5.16     Voor zover klager in de klachtonderdelen b) en c) kan worden ontvangen, zijn deze ongegrond.

Klachtonderdeel d) Het medisch dossier van klager en de dochter en het beroepsgeheim in dat verband

5.17     Klager heeft toegelicht dat de huisarts de dossiervoering van hem en de dochter niet op orde had. Het college kan dit klachtonderdeel enkel beoordelen voor zover het ziet op de periode vanaf 17 januari 2013.

5.18     Uit het medisch dossier van de dochter vanaf 17 januari 2013 kan het college niet afleiden dat de huisarts haar beroepsgeheim heeft geschonden, noch dat het onduidelijk is of zij als huisarts van de moeder of van de dochter is opgetreden of dat de dossiervoering incompleet was.

5.19     Klager verwijt de huisarts dat zijn medisch dossier, toen hij naar een andere huisarts overstapte, niet tijdig aan hem is verstrekt. Vaststaat dat klager tot 27 september 2012 patiënt is geweest in de praktijk van de huisarts en haar collega en dat zijn medisch dossier op 30 januari 2013 door de opvolgend huisarts van klager is ontvangen. Uit het medisch dossier van klager blijkt dat hij, toen hij uit de praktijk van de huisarts en haar collega vertrok, heeft aangegeven dat hij zou laten weten wie zijn nieuwe huisarts was. Tijdens de zitting heeft klager aangegeven dat hij de naam van zijn nieuwe huisarts niet bij de huisarts bekend wilde maken, omdat hij bang was dat informatie over hem bij een ander bekend zou worden. Het college heeft niet kunnen vaststellen of en zo ja wanneer klager aan de huisarts heeft laten weten dat het medisch dossier niet naar de nieuwe huisarts moest worden gestuurd maar dat hij zelf zijn medisch dossier wilde krijgen. Klager heeft ook niet gesteld dat hij daarom expliciet heeft verzocht. Daarom moet het ervoor gehouden worden dat klager dat niet aan de huisarts heeft medegedeeld en dat daarom zijn medisch dossier op

17 januari 2013 nog niet aan de opvolgend huisarts was overgedragen. Onder die omstandigheden kan het de huisarts niet tuchtrechtelijk worden verweten dat het medisch dossier van klager eerst op 30 januari 2013 aan hem is verstrekt. Ook in zoverre is het klachtonderdeel ongegrond.


Slotsom

5.20     Uit de overwegingen hiervoor volgt dat alle klachtonderdelen voor zover niet verjaard, ongegrond zijn.

6    De beslissing

Het college:

  • verklaart klager deels niet-ontvankelijk voor wat betreft de klachtonderdeel a), b), c) en d);
  • verklaart de klacht voor het overige ongegrond.
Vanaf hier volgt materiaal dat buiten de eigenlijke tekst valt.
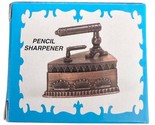 Clothes Iron Die Cast Metal Collectible Pencil Sharpener - $7.99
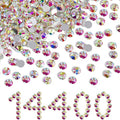 Beadsland Flatback Rhinestones Bulk,14400pcs Crystal AB Rhinestones for Nails Crafts Clothes DIY Decoration, Crystal AB, SS20, 4.6-4.8mm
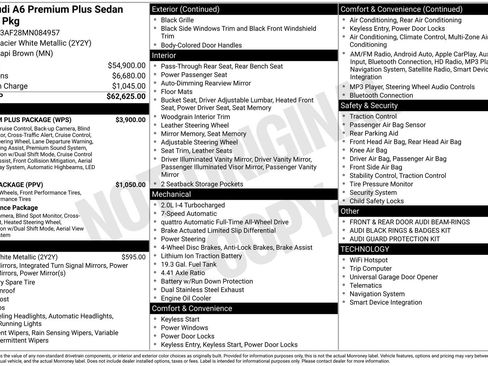 Used 2021 Audi A6 Premium Plus w/ Premium Plus Package image 2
Deze beslissing is gegeven door F.C. Alink-Steinberg, voorzitter, M.J.H.A. Venner-Lijten, lid-jurist, L.A.J. Stouthamer-Verschuren, E. Jansen en N.B. van der Maas, leden-beroepsgenoten, bijgestaan door C.W.M. Hillenaar, secretaris, en in het openbaar uitgesproken door K.A.J.C.M. van den Berg Jeths-van Meerwijk op 27 maart 2024.